Относи вперед! Вперед, живее! — командует с барки мальчик.
С тех пор как тихвинку на буксире двое дюжих гребцов на душегубке (лодчонке, привязанной у кормы каждой барки) уже отвели вглубь от берега, бечеву растянули на громадное пространство и только в конце быстро приспособленными узлами закладывали свою упряжь — потемнелую от пота кожаную петлю, хомут. Надо было сильно прибавить ходу… Но я иду рядом с Каниным, не спуская с него глаз. И все больше и больше нравится он мне: я до страсти влюбляюсь во всякую черту его характера и во всякий оттенок его кожи и посконной рубахи. Какая теплота в этом колорите!

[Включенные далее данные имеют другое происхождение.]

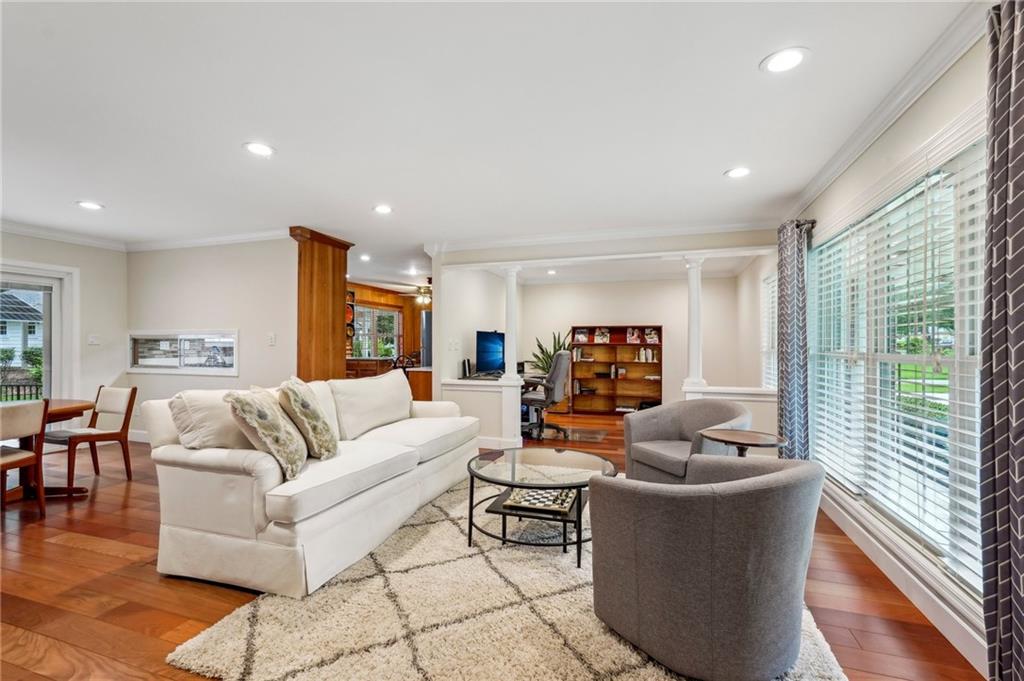 2624 Lake Erin Drive Drive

— Так что же, можно будет нарисовать или написать с тебя портрет? — возобновляю я со страхом и боязнью, что что-нибудь помешает моему счастью, моей находке. Типичнее этого настоящего бурлака, мне кажется, ничего уже не может быть для моего сюжета.
— Да ведь мы сейчас в Ширяеве опять на барку сядем и перевалим к кургану, в Царевщину; нам сидеть некогда, — отвечает нехотя Канин.
— А оттуда назад? Ведь будете же опять с известью итти?
— Так что? Только во время обеда разве…
В Ширяеве, прежде чем переправиться в Царевщину, они стали обедать. Прежде всего черный котелок с дужкой повесили на треножник, собрали хворосту, развели костер и чего-то засыпали в котелок. Сварилось скоро. Все сняли шапки; мальчик принес по сходне на берег ложки, соль, хлеб, нож; все помолились на восток и, поджимая, кто как, ноги, сели кругом котелка, очень тихо и почтенно, долго ели, не торопясь. Окончив, они так же серьезно помолились и только тогда вступили в разговор.
— А ведь я знаю, — сказал один шутник Канину, — ведь это он с тебя «кликатуру» спишет, просит-то не даром.
— А нам покажешь? — загрохотали все.
— Я видел ведь: весь обед он все на Канина глядел да что-то в грамотку записывал, — пояснял наблюдательный бурлак.
— Ха-ха, быть тебе в кликатуре! — допекали Канина.
Канин как-то удрученно до благочестия молчал и даже не обижался, ни с кем не связывался, не возражал; только брови его все выше поднимались к тряпице да выцветшие серые глаза детски отражали небо… Мне он казался величайшею загадкой, и я так полюбил его.
Скоро сели они на барку, поставили парусок и завалились на боковую — на ту сторону. Барку сдвинули двое кольями, и сами взобрались на нее.
Целую неделю я бредил Каниным и часто выбегал на берег Волги. Много проходило угрюмых групп бурлаков; из них особенно один в плисовых шароварах поразил меня: со своей большой черной бородой он был очень похож на художника Саврасова[230]; наверно, из купцов… Но Канина, Канина невидно… Ах, если бы мне встретить Канина! Я часто наизусть старался воспроизвести его лицо; но от этого Канин только поднимался в моем воображении до недосягаемого идеала.
— Да что же ты киснешь? — говорит мне Васильев. Влюбленные всем видны, и их хотя и презирают, но все непрочь помочь при случае. — Вот чудачина: киснет со своим Каниным. Скажи, ведь у нас лодка есть? Есть. А Царевщина разве далеко?
— Да что ж, за час можно добраться, — просыпаюсь я к действительности.
— «Благодарю, не ожидал!» Ребята, собирайтесь, завтра после чая мы едем в Царевщину! А?
— «Благодарю, не ожидал!»
— То-то же!
Наша лодка была с косовым парусом. И мы поплыли. Какое блаженство плыть на парусе! Поставили правильно направление по диагонали через Волгу. Брат мой на руле. Мы невольно запели «Вниз по матушке, по Волге», и нам стало вдруг весело. Хотелось дурить, хохотать: у всех были лица счастливые до глупости, до одури.
Прежде всего мы взобрались на самый Царев курган; на него шла дорога яровыми хлебами; плоская вершина круто обрывалась отвесными глыбами извести, расположенными вроде египетских колонн… И налево и направо уходила Волга между горами.